» **YOUR GOAL**
Take the line that contains "Alt view image" and each line after it to the end of the data below, and set them down exactly, omitting pictures.

» **DATASET EXCERPT**
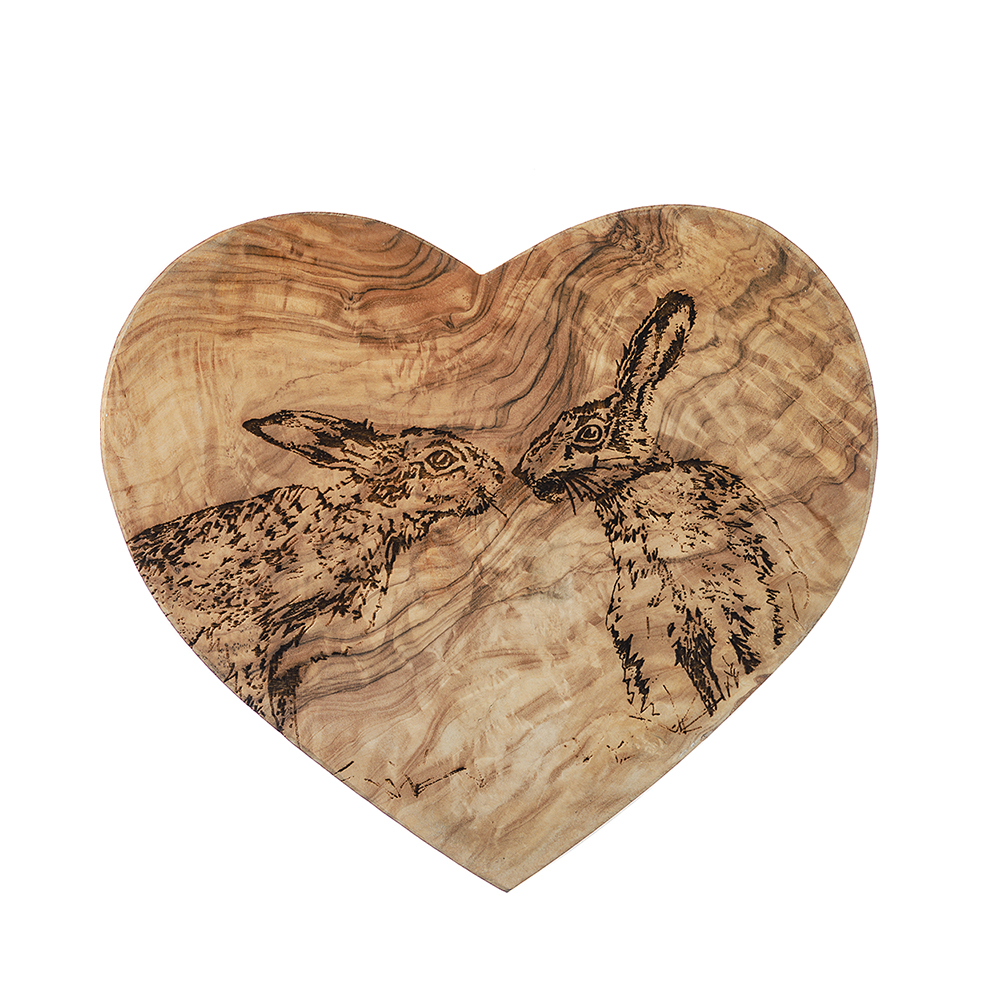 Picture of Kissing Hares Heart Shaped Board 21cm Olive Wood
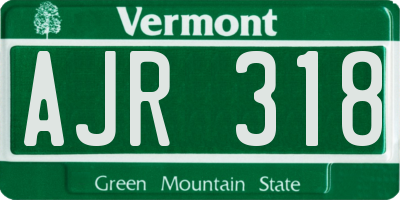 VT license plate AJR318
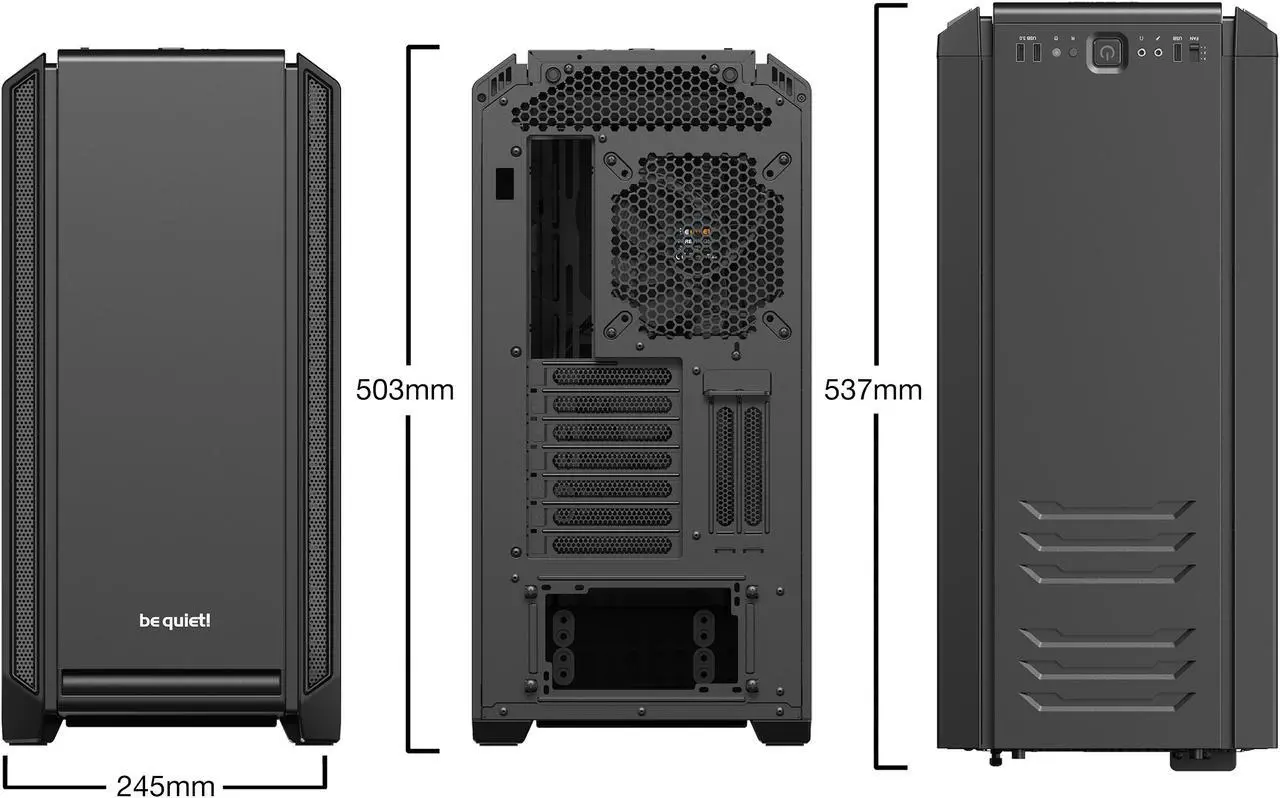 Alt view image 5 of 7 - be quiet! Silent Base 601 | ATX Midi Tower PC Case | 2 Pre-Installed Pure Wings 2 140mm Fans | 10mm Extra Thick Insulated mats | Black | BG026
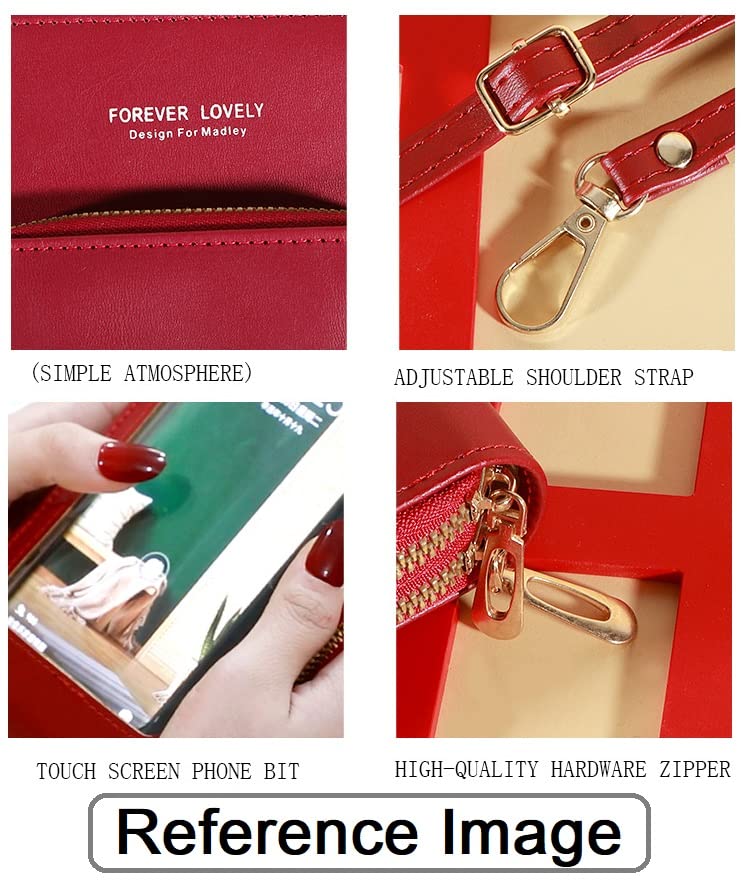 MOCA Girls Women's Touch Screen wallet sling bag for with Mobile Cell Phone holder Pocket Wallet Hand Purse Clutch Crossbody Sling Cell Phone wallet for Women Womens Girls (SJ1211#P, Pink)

» **EXERCISE ANSWER**
 Alt view image 5 of 7 - be quiet! Silent Base 601 | ATX Midi Tower PC Case | 2 Pre-Installed Pure Wings 2 140mm Fans | 10mm Extra Thick Insulated mats | Black | BG026
 MOCA Girls Women's Touch Screen wallet sling bag for with Mobile Cell Phone holder Pocket Wallet Hand Purse Clutch Crossbody Sling Cell Phone wallet for Women Womens Girls (SJ1211#P, Pink)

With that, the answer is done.